[Records to process]

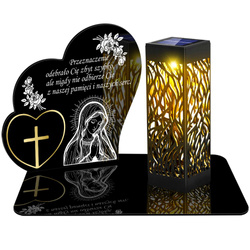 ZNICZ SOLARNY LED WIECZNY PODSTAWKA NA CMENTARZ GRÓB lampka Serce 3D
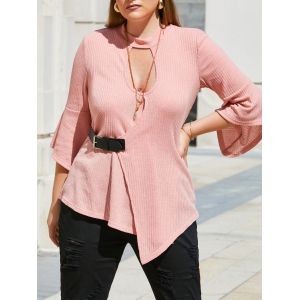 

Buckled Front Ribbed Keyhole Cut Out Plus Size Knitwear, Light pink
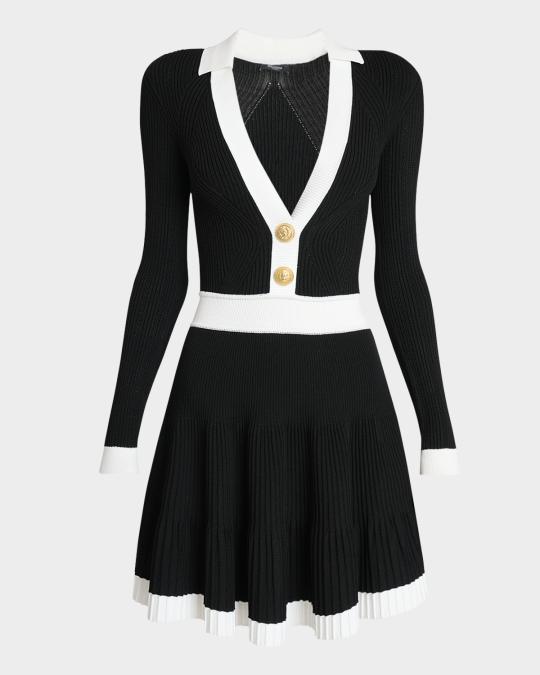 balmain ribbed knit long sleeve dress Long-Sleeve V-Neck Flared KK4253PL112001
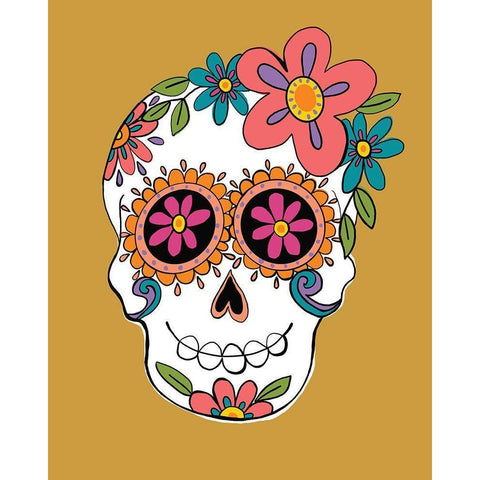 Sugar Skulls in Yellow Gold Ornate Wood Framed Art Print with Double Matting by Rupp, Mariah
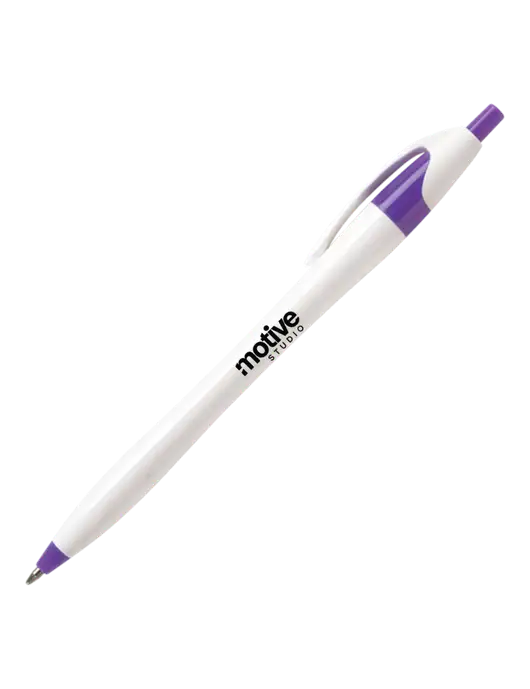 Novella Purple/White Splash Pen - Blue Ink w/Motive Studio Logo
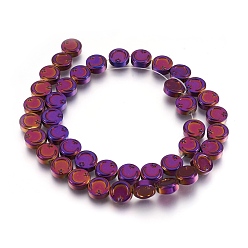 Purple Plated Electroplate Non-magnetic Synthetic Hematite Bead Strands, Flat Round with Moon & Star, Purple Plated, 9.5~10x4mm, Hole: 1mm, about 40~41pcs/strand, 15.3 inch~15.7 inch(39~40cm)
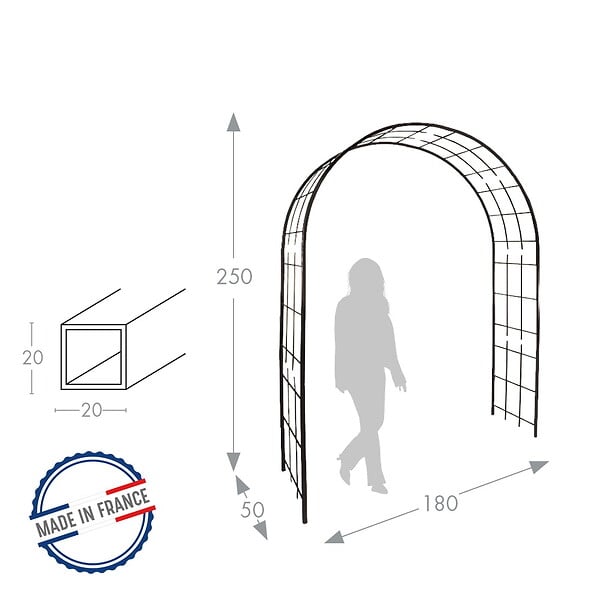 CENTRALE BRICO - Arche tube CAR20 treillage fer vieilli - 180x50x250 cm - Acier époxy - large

[/Records to process]

* [Task item] Pictures are not part of the copy. Reproduce the lines from the one with "Sugar Skulls in" through the end of the listing above.

* [The answer]
 Sugar Skulls in Yellow Gold Ornate Wood Framed Art Print with Double Matting by Rupp, Mariah
 Novella Purple/White Splash Pen - Blue Ink w/Motive Studio Logo
 Purple Plated Electroplate Non-magnetic Synthetic Hematite Bead Strands, Flat Round with Moon & Star, Purple Plated, 9.5~10x4mm, Hole: 1mm, about 40~41pcs/strand, 15.3 inch~15.7 inch(39~40cm)
 CENTRALE BRICO - Arche tube CAR20 treillage fer vieilli - 180x50x250 cm - Acier époxy - large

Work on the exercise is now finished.